* [Data shown]:
============================================================

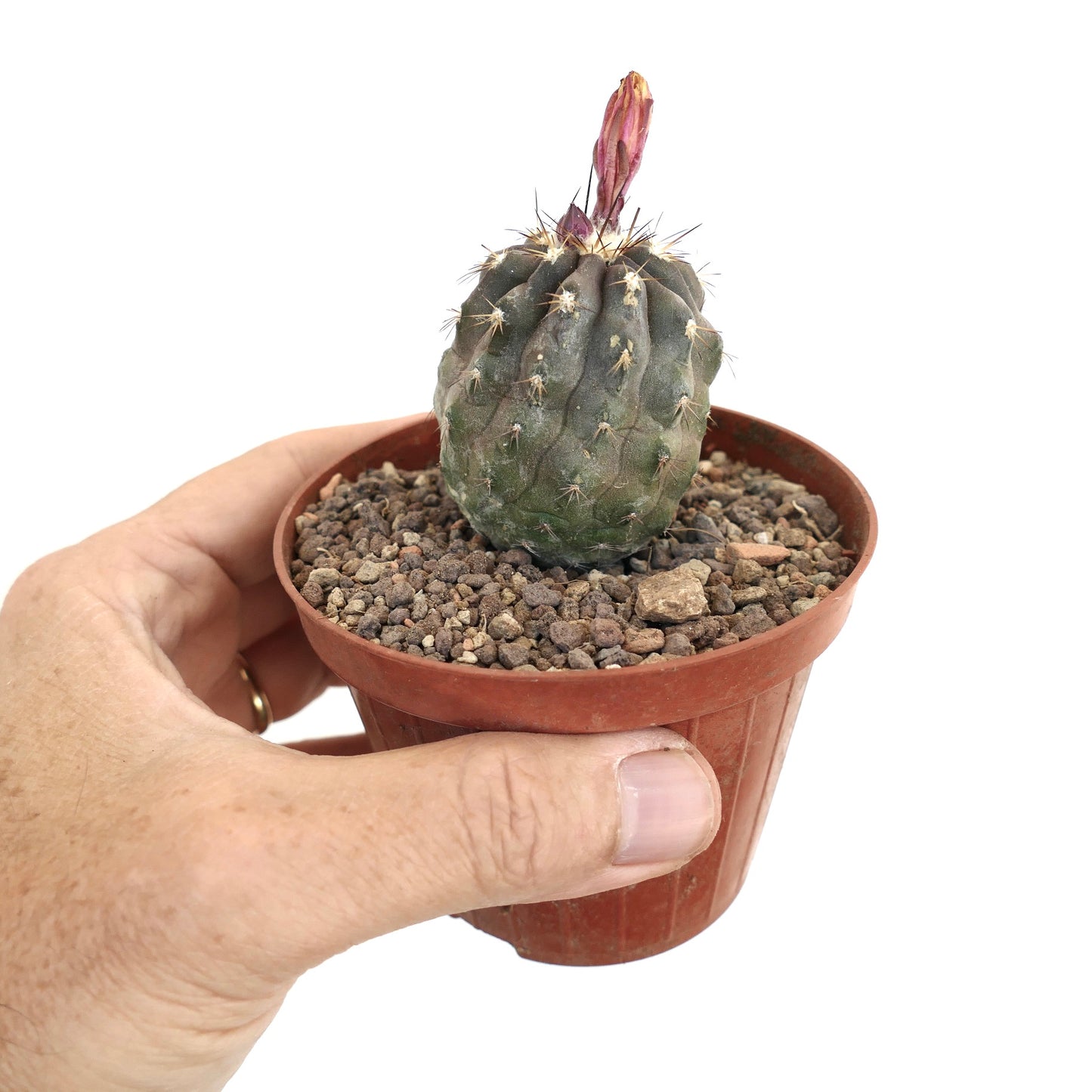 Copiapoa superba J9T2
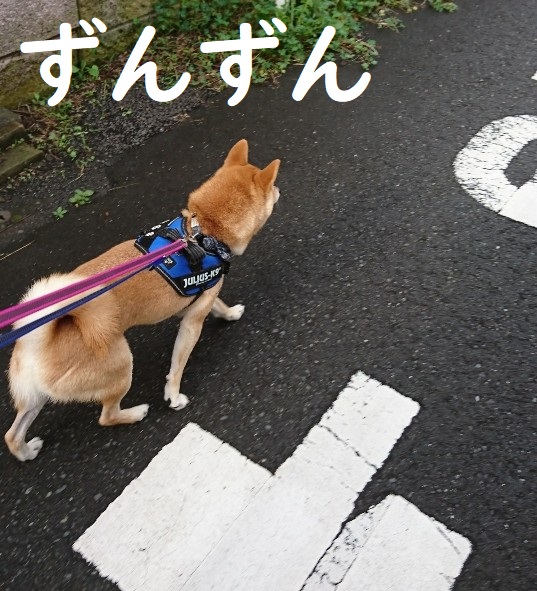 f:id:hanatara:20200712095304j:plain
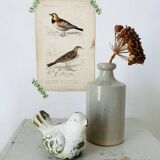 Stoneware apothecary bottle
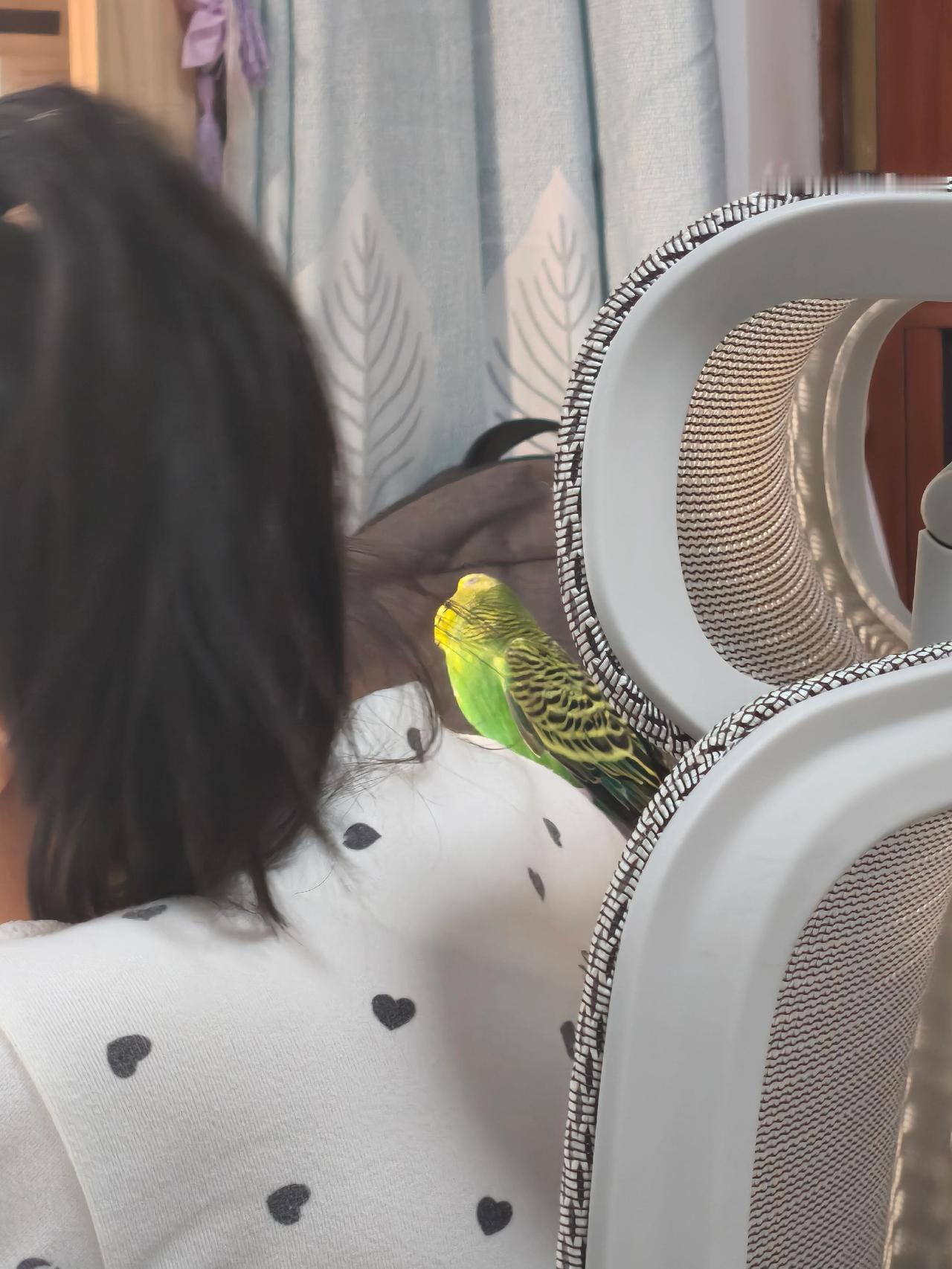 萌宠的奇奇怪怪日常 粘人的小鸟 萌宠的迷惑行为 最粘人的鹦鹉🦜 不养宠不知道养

============================================================

* [Directions for this task]: Extract every line of the data exactly; pictures stay out.

* [Output of the task]:
 Copiapoa superba J9T2
 f:id:hanatara:20200712095304j:plain
 Stoneware apothecary bottle
 萌宠的奇奇怪怪日常 粘人的小鸟 萌宠的迷惑行为 最粘人的鹦鹉🦜 不养宠不知道养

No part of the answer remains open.